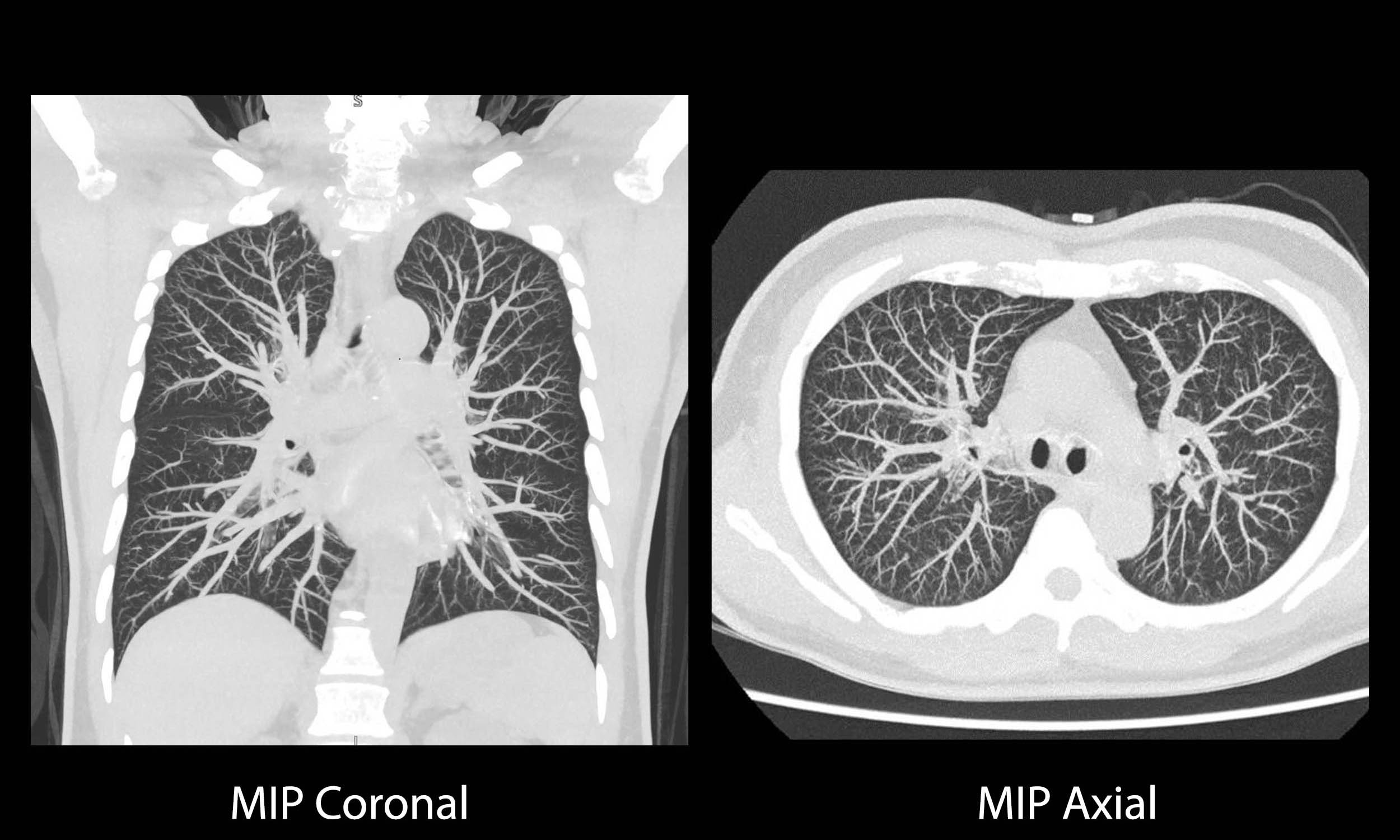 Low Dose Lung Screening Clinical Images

...

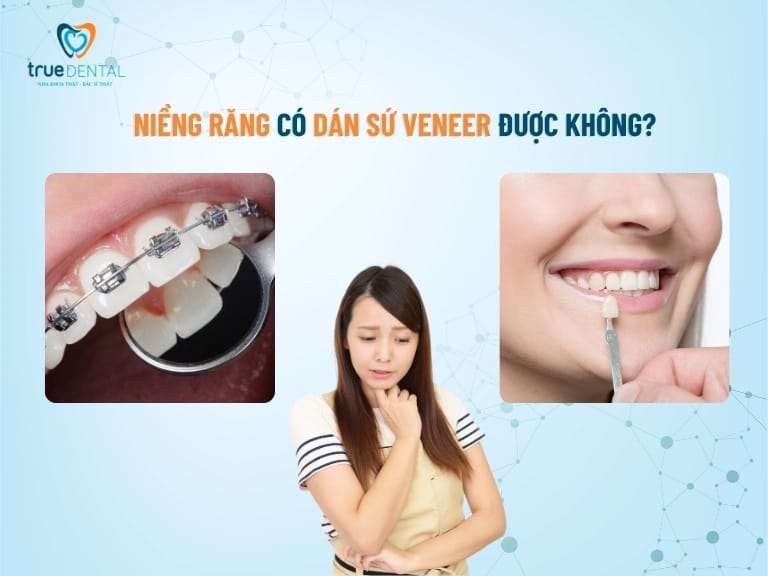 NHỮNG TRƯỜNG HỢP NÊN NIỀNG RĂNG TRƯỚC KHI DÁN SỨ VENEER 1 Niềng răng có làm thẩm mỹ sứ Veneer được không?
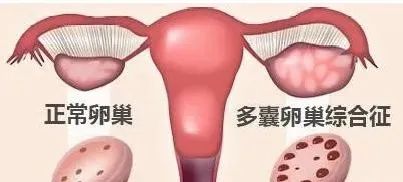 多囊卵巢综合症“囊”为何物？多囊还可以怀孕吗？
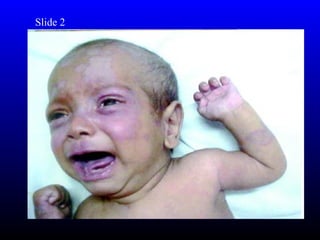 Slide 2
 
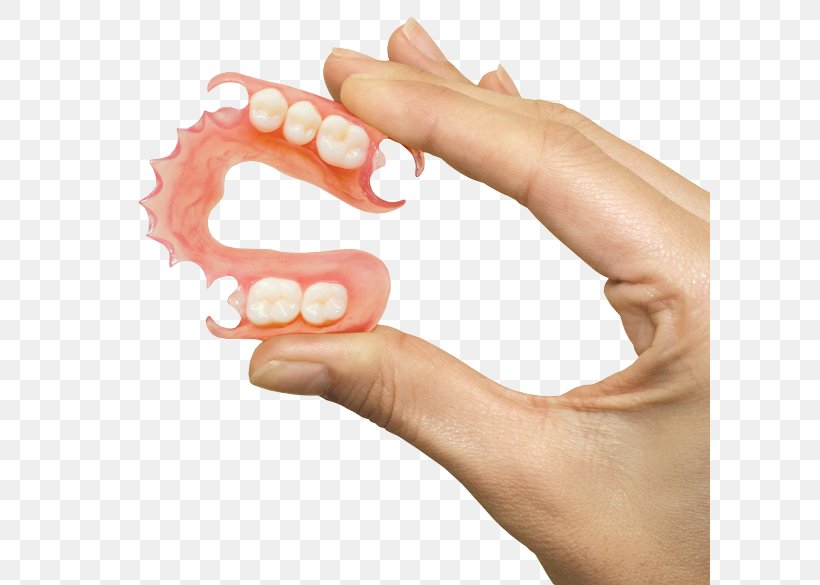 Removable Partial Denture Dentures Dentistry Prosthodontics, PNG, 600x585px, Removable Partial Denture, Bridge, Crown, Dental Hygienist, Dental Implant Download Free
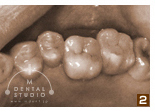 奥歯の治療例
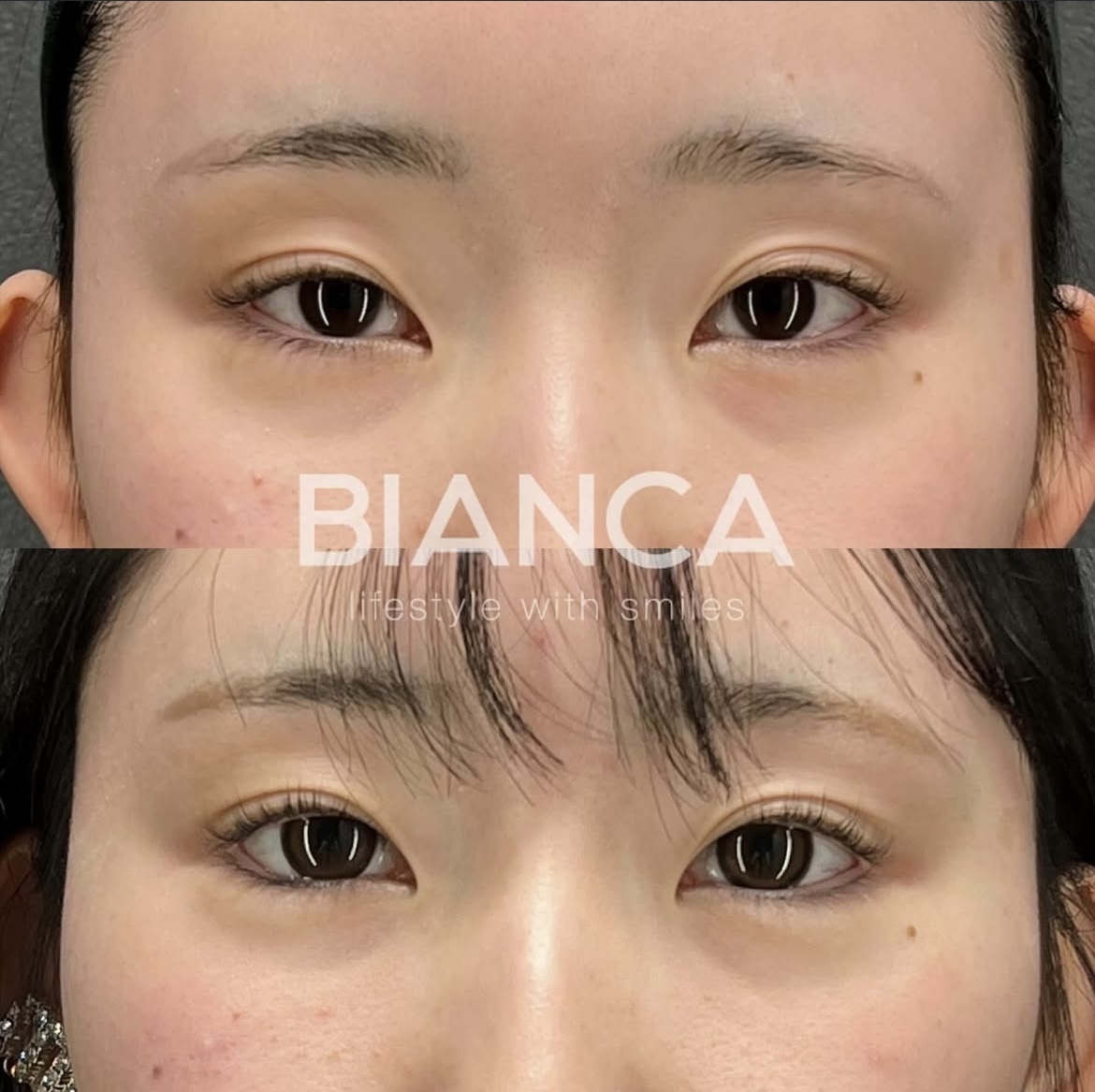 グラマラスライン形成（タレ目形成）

YOUR GOAL: Copy word for word the span of the records above that begins at the line with "NHỮNG TRƯỜNG HỢP" and ends at the line with "グラマラスライン形成（タレ目形成）", including those two lines but not the pictures.

THE ANSWER:
 NHỮNG TRƯỜNG HỢP NÊN NIỀNG RĂNG TRƯỚC KHI DÁN SỨ VENEER 1 Niềng răng có làm thẩm mỹ sứ Veneer được không?
 多囊卵巢综合症“囊”为何物？多囊还可以怀孕吗？
 Slide 2
 
 Removable Partial Denture Dentures Dentistry Prosthodontics, PNG, 600x585px, Removable Partial Denture, Bridge, Crown, Dental Hygienist, Dental Implant Download Free
 奥歯の治療例
 グラマラスライン形成（タレ目形成）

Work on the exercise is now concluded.